12. Add 100 μL of the TMB chromogen solution to each well using a repeater pipette. Avoid exposure to direct sunlight.
13. Incubate the wells, shaking at 600-800 rpm on an orbital microplate shaker, for 8-12 min at room temperature (23 ± 2 °C). NOTE: Visually monitor the color development to optimize the incubation time.
14. Add 100 μL of the stopping solution to each well using a repeater pipette. Read the absorbance of the solution in the wells within 20 minutes, using a microplate reader set to 450 nm. NOTE: Zero calibrator should be programmed as "Blank" while reading the optical density. If instrument has a wavelength correction, set the instrument to dual wavelength measurement at 450 nm with background wavelength correction at 630 nm.

NOTE: The results in this package insert were calculated by plotting the log optical density (OD) data on the y-axis and log MBP concentration on X-axis using a cubic regression curve-fit. Alternatively, log vs. log quadratic regression curve-fit can be used. Other data reduction methods may give slightly different results.

1. Optimum results can be obtained at incubation temperature of (23 ± 2 °C).
2. Calculate the mean optical density (OD) for each calibrator, Control, or Unknown.

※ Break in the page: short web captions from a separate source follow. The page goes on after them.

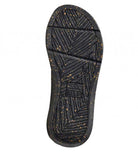REEF Santa Ana Mens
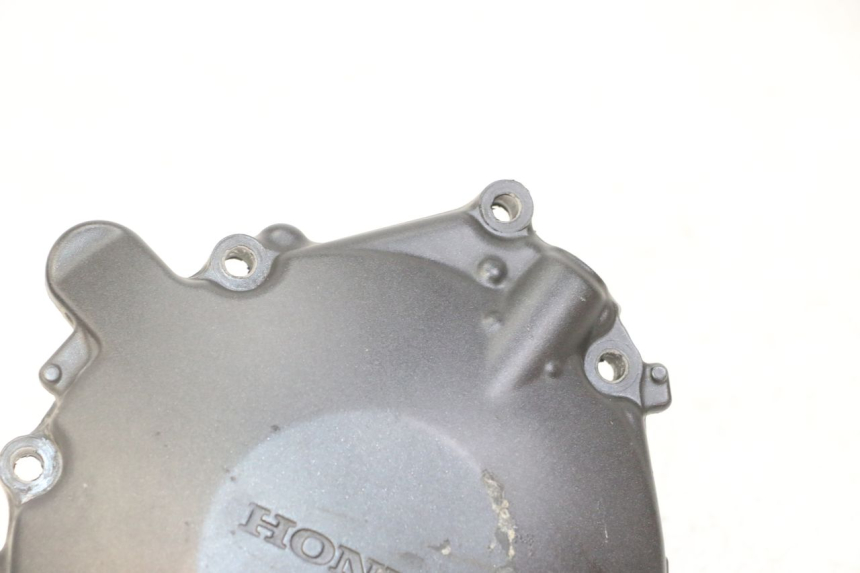 photo de CARTER ALLUMAGE HONDA CB R 1000 (2018 - 2023)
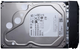 Dysk twardy ASUS Enterprise 2TB 7200rpm 128MB 3.5 SATA III (90SKH000-MJ3AN0) - obraz 1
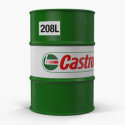 Olio per moto Castrol Power 1 4T 10W40 208L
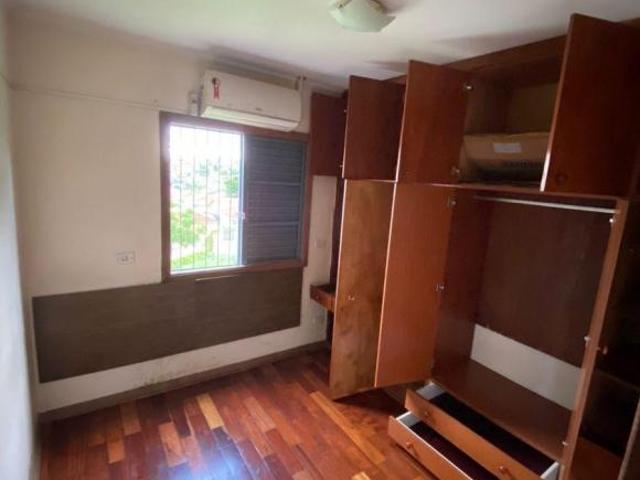 Apartamento venda em Região Imediata de Sorocaba, Região Metropolitana de Sorocaba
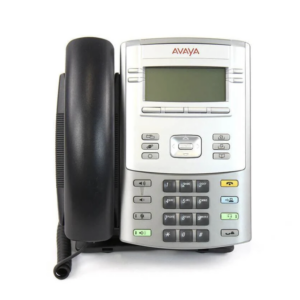 nortel 1120e ip phone (ntys03)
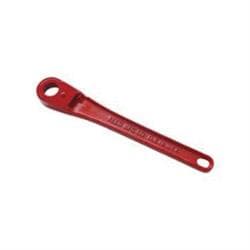 Wrench Accessories Image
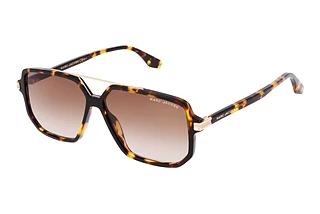 Marc Jacobs MARC 417/S 086/HA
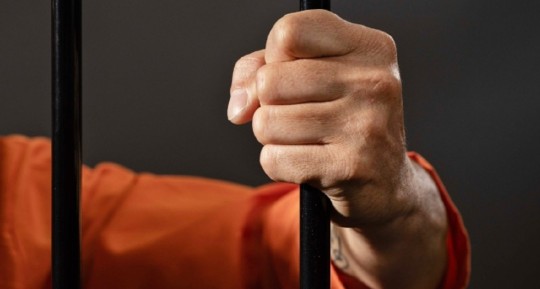 Luis Pinargote-Baquerizo es considerado responsable del tráfico de más de 7.500 kilogramos de cocaína, con un valor aproximado de 225 millones de dólares / Foto: Shutterstock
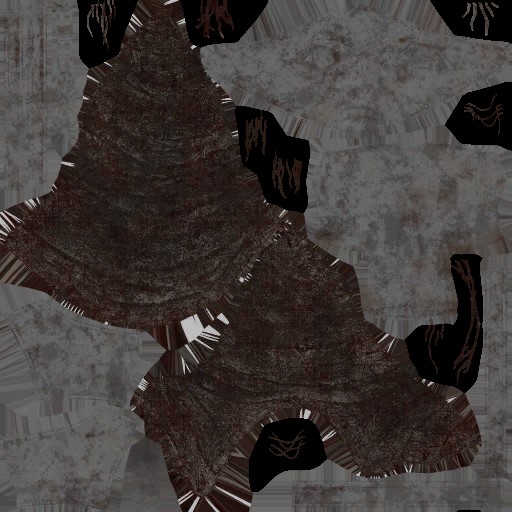 HD_M_1460_a_l.jpg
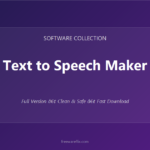 Text to Speech Maker featured.png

3. Plot the log of the mean OD readings for each of the Calibrators along the y-axis versus log of the MBP concentrations in ng/mL along the x-axis, using a cubic regression curve-fit.
4. Determine the MBP concentrations of the Controls and Unknowns from the calibration curve by matching their mean OD readings with the corresponding MBP concentrations.
5. Any sample reading higher than the highest Calibrator should be appropriately diluted with the 0 ng/mL (Calibrator A) and re-assayed.
6. Any sample reading lower than the analytical sensitivity should be reported as such.
7. Multiply the value by a dilution factor, if required.